CPU Bugs

Computers are made by humans, and thus inherently prone to errors. This page describes known bugs for various models and brands.

x86 misfeatures

ESP is not cleared

The x86 IRET will not clear upper bits of the stack register (32:16) when returning to 16-bit mode. As the result, the kernel high 16bit of ESP may be leaked to the userspace. Same is true for 64-bit kernel to 16-bit userspace transition.

NULL selector load may not clear MSR_GS_BASE

Intel CPUs do not specify what happens with MSR_GS_BASE if NULL selector is loaded. The Intel CPUs seem to load it with zero, AMD CPUs preserve the previous values (now documented in the AMD64 Architecture Programmer's Manual Volume 2: System Programming). This detail needs to be taken into account for the context switches, if kernel tries to optimize the slow MSR operations.

FXSAVE/FNSAVE

The Intel and AMD differ in what context is saved/restored. AMD CPUs do not save/restore certain parts (FIP/FOP) only when exception is pending (see CVE-2006-1056)

SYSRET

The Intel CPUs do not handle properly the non-canonical return address. If a non-canonical address is present in RCX when executing SYSRET, a General Protection Fault will be taken in CPL0 with CPL3 registers. (see CVE-2006-0744)

SS selector

On AMD CPU, SS selector may become unusable when in-kernel interrupt arrives (sets SS to NULL) and thread is switched and returned to userspace via SYSRET. The numerical SS value is correct however the descriptor cache is wrong. This affects only the 32-bit compatibility mode usage of SS.

Nesting of NMI interrupt

If CPU is executing the NMI interrupt handler, CPU guarantees to keep NMI masked until the IRET is executed. However if for some reason NMI triggers some other exception, which executes IRET then the NMI may trigger again, possibly overwriting its own stack as on AMD64 it runs with IST stack (fun starts if SMI is triggering IRET for some reason).

Intel

Transactional Synchronization eXtensions (TSX) Bug

In August 2014, Intel announced that a bug exists in the TSX implementation on Haswell, Haswell-E, Haswell-EP and early Broadwell CPUs, which resulted in disabling the TSX feature on affected CPUs via a microcode update. The bug was fixed in F-0 steppings of the vPro-enabled Core M-5Y70 Broadwell CPU in November 2014.

Extended Page Table (EPT) Bug

A MOV to CR3 when EPT is enabled may lead to an unexpected page fault or an incorrect page translation.

Affected processors:

Intel Xeon E5-#### v2, where #### is a 4-digit number, optionally followed by a letter.
Intel Xeon E7-#### v2, where #### is a 4-digit number.
Intel Xeon E3-12## v2, where ## is a 2-digit number, optionally followed by a letter.

F00F Bug

Affects: Intel i586 series (Pentium 1, Pentium MMX, Pentium Overdrive, Pentium MMX Overdrive)
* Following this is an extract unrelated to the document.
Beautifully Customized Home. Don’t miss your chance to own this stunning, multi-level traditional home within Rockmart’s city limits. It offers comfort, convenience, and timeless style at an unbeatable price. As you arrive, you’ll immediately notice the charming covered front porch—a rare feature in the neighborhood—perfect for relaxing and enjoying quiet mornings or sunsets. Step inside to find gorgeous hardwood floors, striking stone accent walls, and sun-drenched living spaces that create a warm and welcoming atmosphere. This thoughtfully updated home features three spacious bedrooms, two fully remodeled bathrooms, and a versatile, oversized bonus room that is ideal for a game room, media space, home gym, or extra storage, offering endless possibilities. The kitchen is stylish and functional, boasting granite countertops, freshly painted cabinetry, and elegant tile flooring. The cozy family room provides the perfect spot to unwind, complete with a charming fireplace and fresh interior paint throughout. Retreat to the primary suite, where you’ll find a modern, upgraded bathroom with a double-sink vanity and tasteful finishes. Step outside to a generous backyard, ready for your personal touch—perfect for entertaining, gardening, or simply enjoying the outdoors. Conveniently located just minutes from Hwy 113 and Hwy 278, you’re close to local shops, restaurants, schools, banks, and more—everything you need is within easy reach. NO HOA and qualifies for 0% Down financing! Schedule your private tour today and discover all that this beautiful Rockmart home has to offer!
This bug is caused by executing LOCK CMPXCHG8B eax (F0 0F C7 C8) By containing two opcode errors, an unallowed lock and a non-memory target, together with trying to cache the results, it confuses the cpu to enter a deadlock state, locking up the entire computer involved.

To fix this bug, the IDT entry containing the invalid opcode should be marked as uncacheable or writethrough to eliminate one necessary factor, or by marking the same page as not-writable which further confuses the processor, this time into the pagefault handler instead of into a deadlock. If paging is to be left disabled, the only workaround is to disable the cpu's caches, which is far from efficient. Further discussion of various solutions is presented here.

We can check, if the processor is Pentium through the CPUID instruction. Calling it with EAX=1 will return the CPU signature in EAX. We can extract the Family Number from the CPU signature and compare it with 5, because the Pentium belongs to Family 5.

FDIV bug

The Pentium FDIV bug is a bug in the Intel P5 Pentium floating point unit (FPU). Because of the bug, the processor can return incorrect decimal results, an issue troublesome for the precise calculations needed in fields like math and science. Discovered by Professor Thomas R. Nicely at Lynchburg College, Intel attributed the error to missing entries in the lookup table used by the floating-point division circuitry.

This problem occurs only on some models of the original Pentium processor. Any Pentium family processor with a clock speed of at least 120 MHz is new enough not to have this bug.

Buggy HLT

Some of the first 100 MHz Intel DX chips had a buggy HLT state, prompting the developers of Linux to implement a "no-hlt" option for use when running on those chips, but this was fixed in later chips.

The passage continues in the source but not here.